Powell also had an alumnus who is a storyboard artist come and talk to his students. She has worked for the Cartoon Network and Disney and did a one-day workshop on storyboarding with his students.

Dave Meigide – who teaches the automotive technology classes – has taken his students to the drag strip at the Pomona Fairplex. They have another trip planned in March.

“It’s an eye-opener for the students,” Meigide said, “to see all the jobs involved with racing.”

Several years ago, over the course of five years, Meigide and his students built a race car which he enters in four races a year. “We are the only high school that goes so everyone watches us,” he said. “They ask me how I get a crew like that. All the students know what they’re doing.”

The race car, he said, is a “tool to get them interested in how everything works.”

Rob Wilson, who teaches the graphic design courses, said he has updated the equipment in his lab so it meets industry standards. He recently connected with a Rim graduate who is an instructor at Riverside Community College and runs the graphic design program there. “I want to take my students down there for a tour,” Wilson said. “He confirmed with me that a lot of what I’m teaching is what he needs out of his students and what’s needed in the industry.”

Pete Ferrara teaches both the welding and woodworking classes. The welding shop has recently undergone a total makeover, including the addition of a welding simulator. While one student is welding, the others can watch on the big screen.

“They get practice before they waste the materials,” Ferrara said. “And there’s a safety aspect to using the simulator. It makes the kids more comfortable before they try actual welding.”

Stephanie Phillips, the CTE coordinator at Rim High, noted they plan to add three more welding simulators. And, because they are portable, one could be taken to Mary Putnam Henck Intermediate School for those students to try.

The woodworking program will transition to construction trades next school year. Phillips noted they had such a program years ago. “We want our students to learn all the skills they need to build a house, to do excavating.”

Recently Phillips took students to an apprentice expo for the trades. “We purchased two driving simulators so students can learn to drive a big rig, fire trucks, ambulances.
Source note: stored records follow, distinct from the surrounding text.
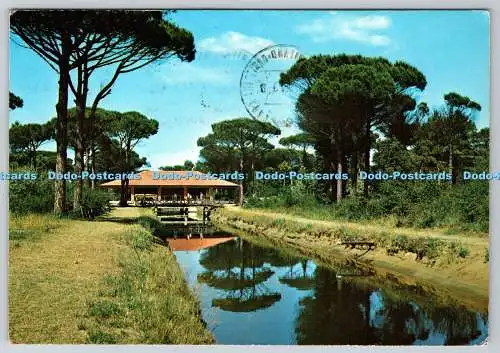 D312122 Cervia. Milano Marittima. n = Naturpark. Kleiner Kanal. B. Marcaccini. Ri
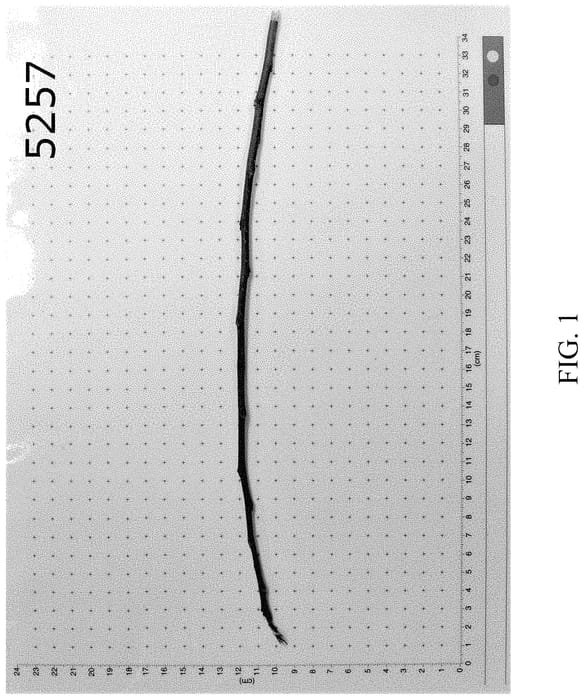 Figure 1 of US plant patent PP35016, the photograph of G.257 printed in the patent.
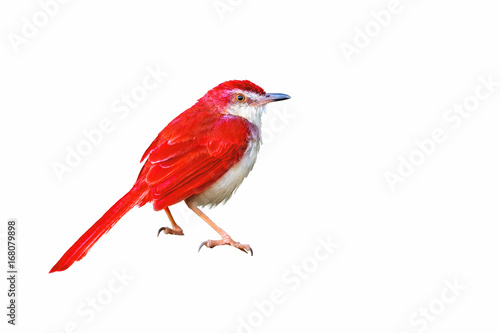 Red bird, colorful bird isolated  standing on ground with white background. © Narupon
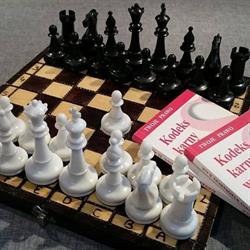ADWOKAT ANNA MACIERZYŃSKA KANCELARIA ADWOKACKA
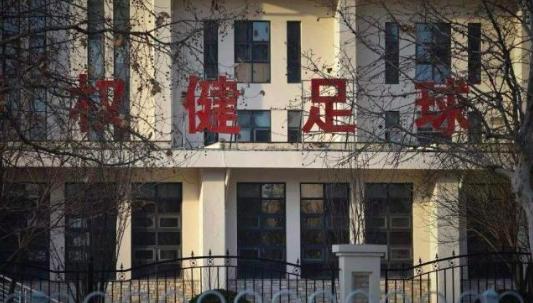 天津权健为什么改名天津天海,天津权健以前的队徽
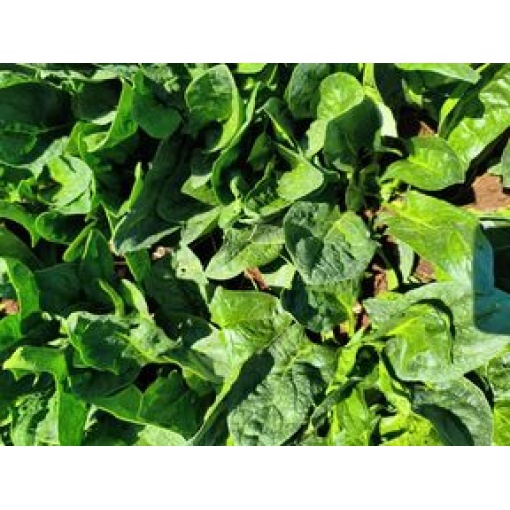 Σπανάκι Jaspe F1 | 50.000 Σπόρων - Image 2
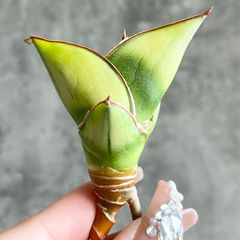 S11878超希少！極上SS級特選美株！サンスベリア ハイブリッド タワー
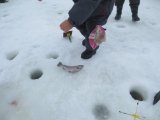 IMG_0009.JPG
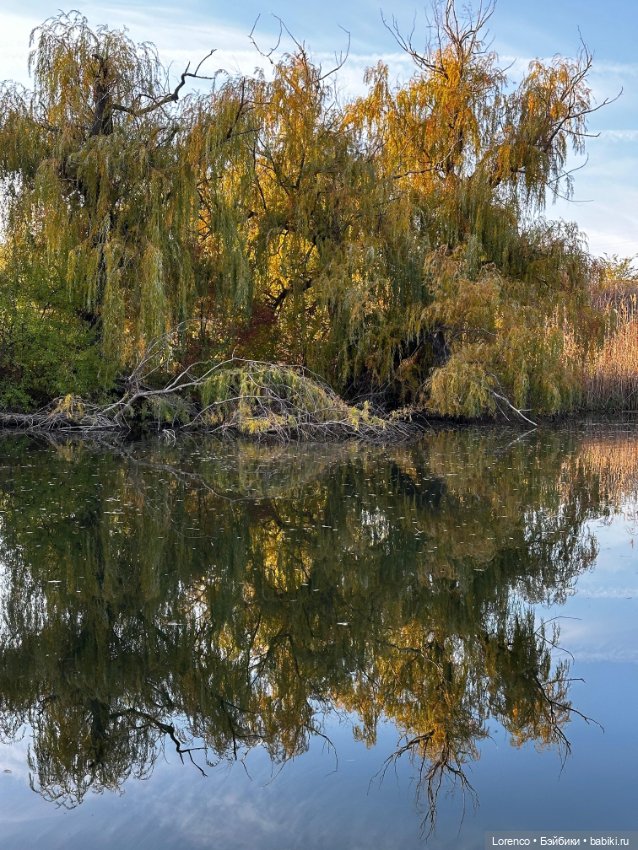 Осеннее — Игровые куклы разных производителей (Разное): редкие бренды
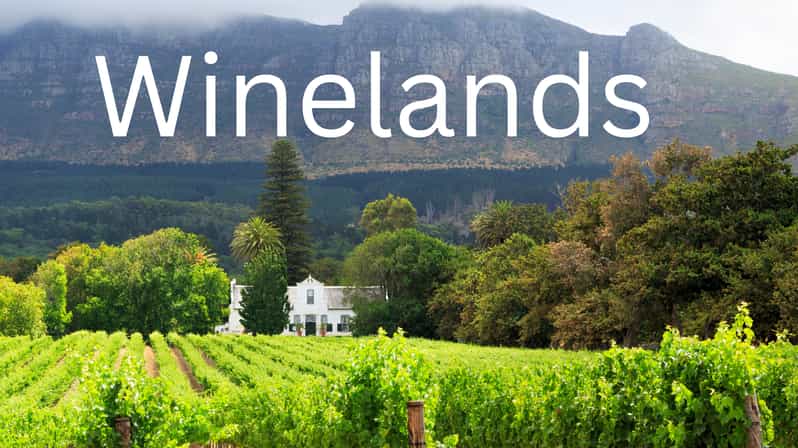 Full Day Private Winelands Tour - Highlights of the Itinerary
It’s like sitting in the cab of a truck. And they can change the weather conditions. It keeps track of the student’s progress.”
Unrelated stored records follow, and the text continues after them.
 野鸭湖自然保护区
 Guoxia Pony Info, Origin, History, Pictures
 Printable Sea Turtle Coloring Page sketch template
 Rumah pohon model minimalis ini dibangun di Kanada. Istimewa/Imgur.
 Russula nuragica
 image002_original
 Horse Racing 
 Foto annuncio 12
Prior to purchasing the simulators, Phillips said, she reached out to the industry to find out what they were training their people on. And that’s what she bought.

“I talked with a Teamster union person about the simulators,” she said. “He wants to come up and see how it works, talk with the students.”
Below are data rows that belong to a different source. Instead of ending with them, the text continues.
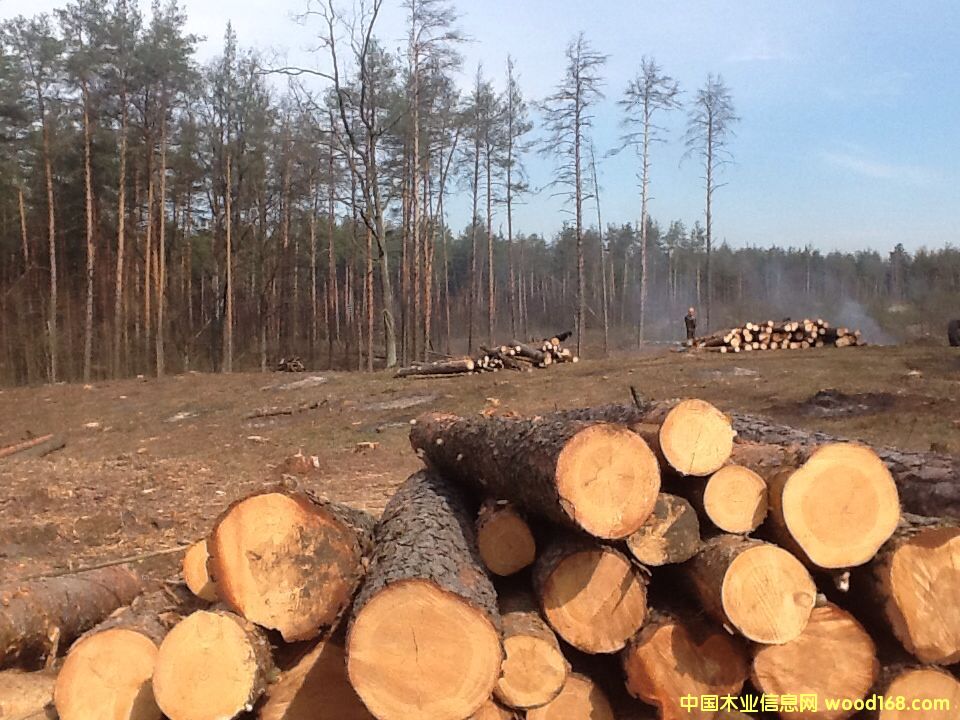 �����m��ɼ�������ɡ���ľԭľ�����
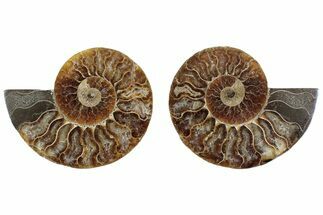 Cut & Polished Crystal-Filled Ammonite Fossil - Madagascar #364747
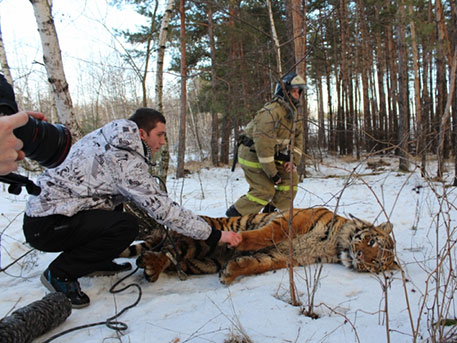 Ответственных за перевозку сбежавшего под Воронежем тигра проверят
The simulators will be housed in a portable and will be used by students in the emergency medical responder, fire technology and automotive technology classes.

Phillips said they are also looking at simulators for students to learn to use front-end loaders, skip loaders, backhoes and excavators. “They had them at the expo,” she noted. The students got on them. One, who said he drives a tractor at his grandparents’ farm, told Phillips the simulator was just like driving the actual tractor.

“It’s all about exposing the students,” Phillips said.

As the coordinator, Phillips has applied for multiple grants over the past few years, reaping $2 million dollars for Rim. “I’ll write more grants going into next year,” she said. They will cover consumables, equipment and supplies. While the school district pays for the teachers’ salaries and benefits, they do not cover anything else.

At MPH, Jackson said, they offer the students the Rim Reporters program. They learn still photography and are learning editing.

“The kids who come to my class and Jared’s class from Jason’s class are ahead of the curve,” Wilson said, “They help the other students.”

Jackson would like to see the wood shop at MPH reopen. “We are missing tactile instruction on the MPH campus,” he said.

“We want to provide the students with a real-world experience,” Phillips said.